Sony released a hell of a handheld when they released PlayStation Vita, and then they promptly left it to die. Not only have they been ignoring it (think about the marketing Vita or its games get, or how much focus the Vita gets at Sony’s E3 conferences, as an example), they also actively seem to be sabotaging it (multiple Sony in house teams have come out and openly said they will not develop for the Vita, such as Naughty Dog).
Apparently, Sony has more or less given up on the handheld, and they have resigned themselves to it being whatever indie and third party developers make of it. Speaking to Polygon, Sony’s Yoshida confirmed as much.
“When we launched PSP titles, a big talking point was PS2-quality games in your hands,” Yoshida said. “It was an amazing experience to play PS2-quality like Twisted Metal on your portable device. But as time went on and the PS3 launched and people started to see next-gen games, that PS2 quality was not enough. People’s expectations for the quality just moved on.
“So when we launched the Vita with Uncharted, it was amazing; PS3-like quality in your palm, but as time moved on, you are seeing PS4 quality and people’s expectations for the graphic fidelity has gone up.”
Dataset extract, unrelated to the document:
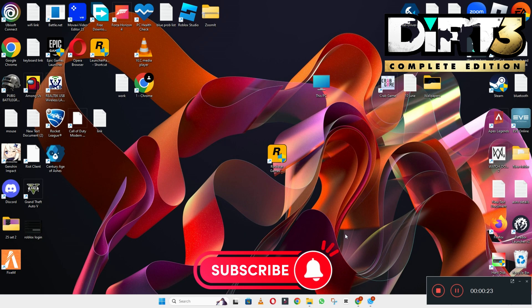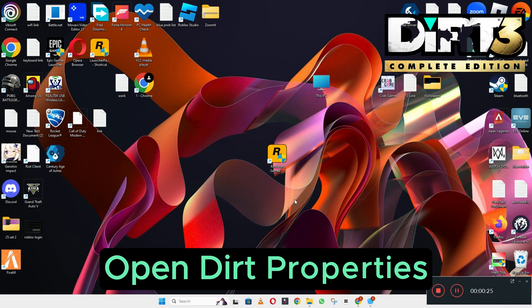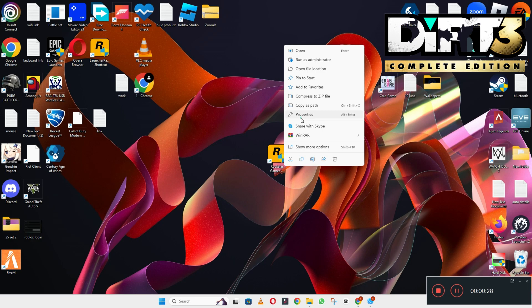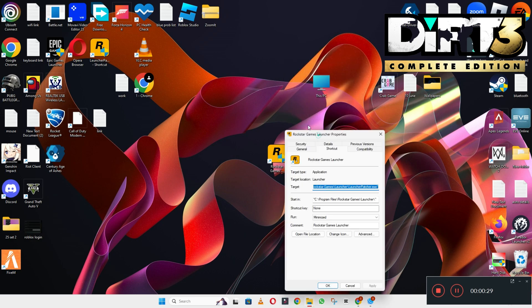don't forget to subscribe and hit the bell icon. Watch the complete video, follow all the steps, and you will learn it. Now let's watch the video.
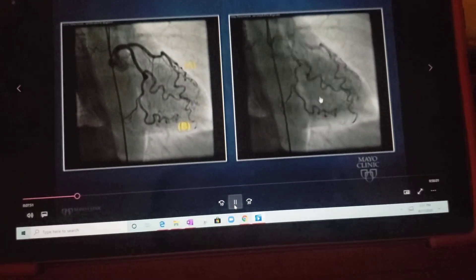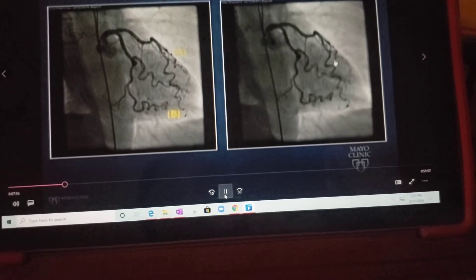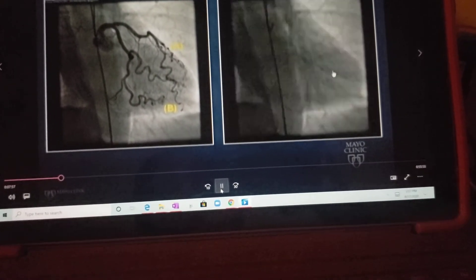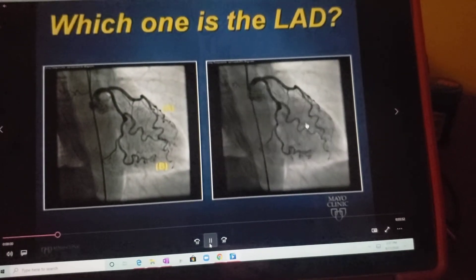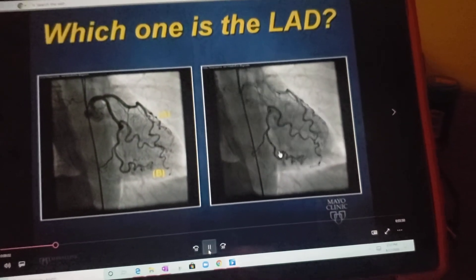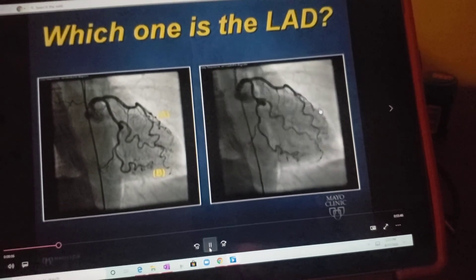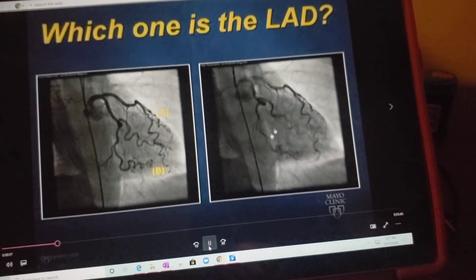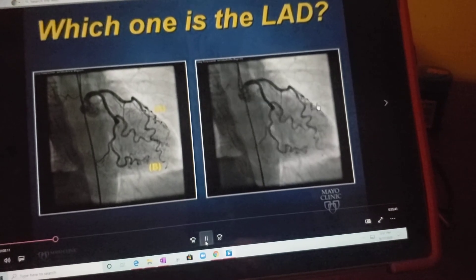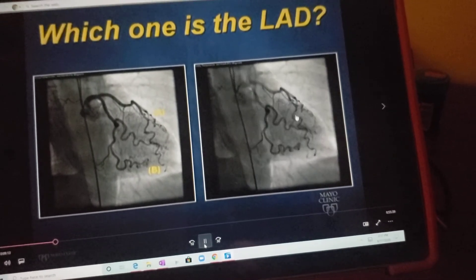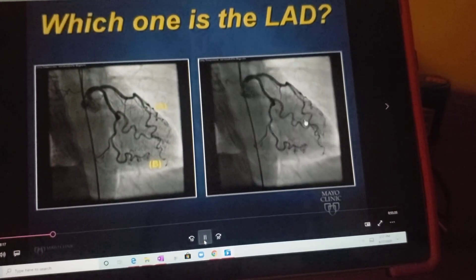The purpose of this is to get you to look at the movement. If we look closely here, this vessel is not moving in the same direction as these vessels on the lateral surface of the heart. This vessel, which is labeled as A on the left-hand side, is moving in the same direction. And what that tells you is that this vessel is a diagonal, and this vessel is the LAD.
“It’s very fortunate that the indie boom happened and they are providing lots of great content to Vita,” he said. ” Gameplay, game mechanic wise, people want to spend 10 minutes, 15 minutes getting in and out. On Vita, it’s great with suspended functionality, so these indie games really great for that from a game design standpoint.
“Instead of watching big stories or cinematics, you can spend hours on Vita. So, I think that’s actually the biggest star to help provide great content to Vita going forward. And we continue to make games cross-platform games, especially on digital side.”
Of course, this doesn’t explain two things that Yoshida’s explanation neatly sidesteps- if people’s expectations are ‘console quality graphics,’ then how does Yoshida explain the success of Nintendo’s 3DS, and the games on it? Bear in mind graphics on the 3DS are Gamecube/Wii level, or a full two generations behind. Also, if Sony believes that Vita’s failure is down to increased expectations of graphical quality, why is it hedging its bets on indie games, that often look like NES and SNES games? That’s some inconsistent messaging right there.
At the very least, Yoshida said Sony will still support the Vita with first party software. I would say, yes, that’s correct,” he said, when asked a question about that.
What might have been a great handheld, and the first to give Nintendo’s unending reign over the handheld market a run for its money has been reduced to this, and it is rather sad to see, really.